From the listing below, please restate exactly the lines beginning at the one with "Paedo Rangers Fan" and ending at the one with "Lagos de Covadonga.", both included, and skip the pictures.

| Raw data |
────────────────────────────────────────
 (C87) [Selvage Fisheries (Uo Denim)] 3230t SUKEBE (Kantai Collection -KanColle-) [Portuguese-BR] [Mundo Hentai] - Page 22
────────────────────────────────────────
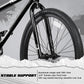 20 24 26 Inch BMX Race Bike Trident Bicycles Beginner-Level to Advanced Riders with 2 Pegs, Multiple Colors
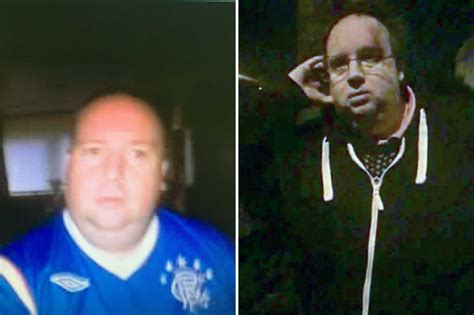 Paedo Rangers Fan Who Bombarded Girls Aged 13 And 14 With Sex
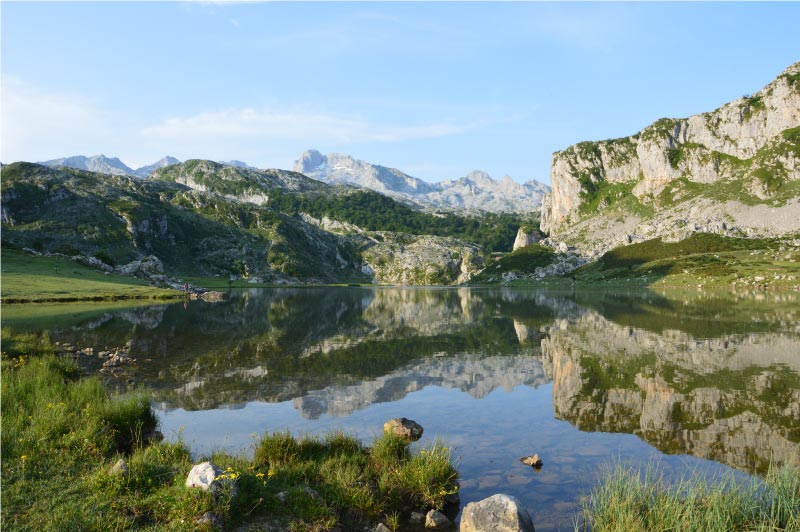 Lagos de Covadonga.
────────────────────────────────────────
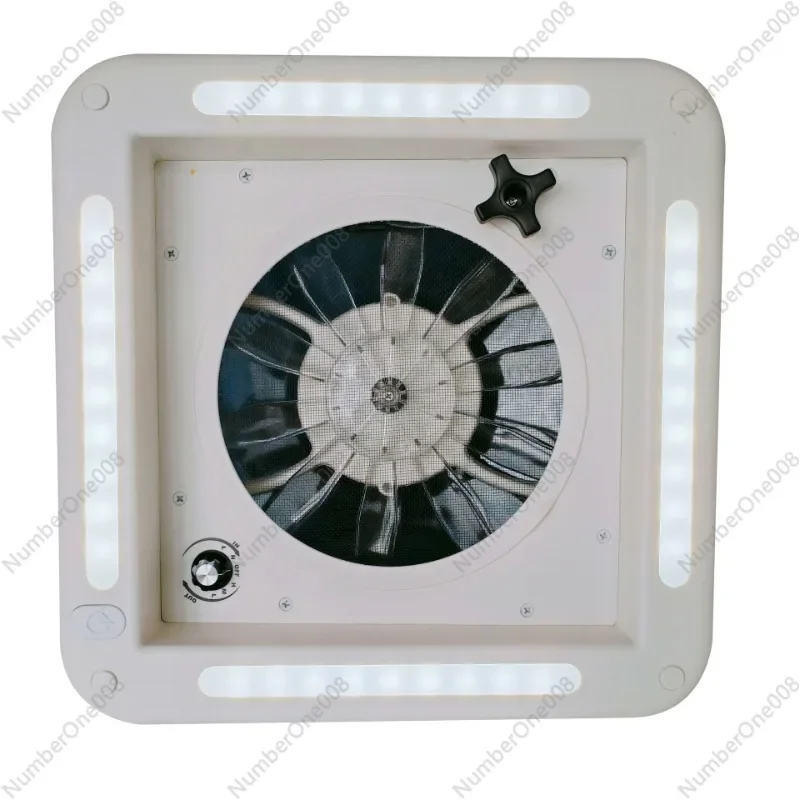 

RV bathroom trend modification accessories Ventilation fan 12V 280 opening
────────────────────────────────────────
| Task result |
 Paedo Rangers Fan Who Bombarded Girls Aged 13 And 14 With Sex
 Lagos de Covadonga.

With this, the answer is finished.